Auf das Konzept des citizen journalism werden in den USA große Hoffnungen gesetzt. Die Amateure sollen leisten, was den Profis – berufsblind oder gefangen in Interessenkonflikten – offenbar nicht mehr selbstverständlich gelingt: das Vermitteln von «unabhängigen, verlässlichen, genauen, ausführlichen und relevanten Informationen, die eine Demokratie benötigt». – Angesichts der Themenauswahl scheinen diese Hoffnungen nicht ganz aufzugehen.
Zum Originalartikel: NZZ, 26.9.2007: Journalismus ohne Journalisten
Auch der US-Medientheoretiker ist ein Verfechter des Bürger-Journalismus und der Mobiliserungsthese, derzufolge, Weblogs verstärkt die politische Meinungsbildung beeinflussen. Er erkennt in den sogenannten Smart Mobs, die via Internet entstanden sind, ein sozialrevolutionäres Potenzial. Die Theorie der «klugen Zusammenrottung» wird wesentlich von einem Ereignis des Jahres 2001 gestützt. Damals brachten riesige Demonstrationen den philippinischen Präsidenten Estrada zu Fall. Mobilisiert wurden die Proteste Hunderttausender via Internet und SMS.
Die Politikwissenschafter sind nicht einhellig der Meinung, dass über das Internet politikferne Schichten gewonnen werden könnten. Wenn dank dem Internet mehr Informationen über Politik und neue Zugangswege zur Verfügung stünden, heisse das nicht zwingend, dass sich mehr Menschen für Politik interessierten. Der Mobilisierungs-These steht die sogenannte Reinforcement-These entgegen. Danach verstärkt das Internet die bestehenden politischen Strukturen.
Immer häufiger gelinge es Schlüssel-Blogs, Themen zu lancieren oder vernachlässigte Themen zu beleben. Allerdings bedeutet dies nur, dass sich durch das Internet die Kommunikationswege geändert haben. Das heisst noch nicht, dass politikferne Personen sie beschreiten. Der gegenwärtige Erfolg des italienischen Komikers Beppe Grillo unterstreicht diese These. Die sensationell anmutenden Zahlen der von ihm über sein Weblog initiierten Proteste relativieren sich angesichts der Einschaltquoten, die seine Fernsehshows erreichen. Bevor die RAI Grillo verbannte, sahen ihn bis zu 20 Millionen Italiener.
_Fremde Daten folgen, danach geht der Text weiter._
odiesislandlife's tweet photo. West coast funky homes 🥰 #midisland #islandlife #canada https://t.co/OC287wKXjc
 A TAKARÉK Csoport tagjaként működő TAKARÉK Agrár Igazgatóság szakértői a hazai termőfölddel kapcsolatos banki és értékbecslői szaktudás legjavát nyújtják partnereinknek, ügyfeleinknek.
Auf längere Zeit angelegte Studien der TU Ilmenau kommen zwar zum Ergebnis,
- dass Internet-Nutzer politisch aktiver sind als Nicht-Nutzer;
- zudem zeigte sich, dass das politische Interesse der Internet-Nutzer – entgegen vorherigen Annahmen – in allen Bildungsgruppen gleich verteilt ist.
- Doch ergab sich bei der differenzierten Betrachtung, dass die Vermutung, das Internet schaffe politisches Interesse, nicht zutraf. Tatsächlich waren die Politik-affinen Internet-User im Vergleich zu den Internet-Muffeln schon immer politisch aktiver.